» **THE INPUT**
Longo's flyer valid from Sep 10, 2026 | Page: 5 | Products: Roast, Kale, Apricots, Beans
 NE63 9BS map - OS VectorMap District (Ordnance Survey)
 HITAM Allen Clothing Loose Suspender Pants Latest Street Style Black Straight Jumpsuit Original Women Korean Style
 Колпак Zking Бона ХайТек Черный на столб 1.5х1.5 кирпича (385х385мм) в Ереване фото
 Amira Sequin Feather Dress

» **TASK BRIEF**
Give back the entries exactly. Omit none of them.

» **RESPONSE TO THIS TASK**
Longo's flyer valid from Sep 10, 2026 | Page: 5 | Products: Roast, Kale, Apricots, Beans
 NE63 9BS map - OS VectorMap District (Ordnance Survey)
 HITAM Allen Clothing Loose Suspender Pants Latest Street Style Black Straight Jumpsuit Original Women Korean Style
 Колпак Zking Бона ХайТек Черный на столб 1.5х1.5 кирпича (385х385мм) в Ереване фото
 Amira Sequin Feather Dress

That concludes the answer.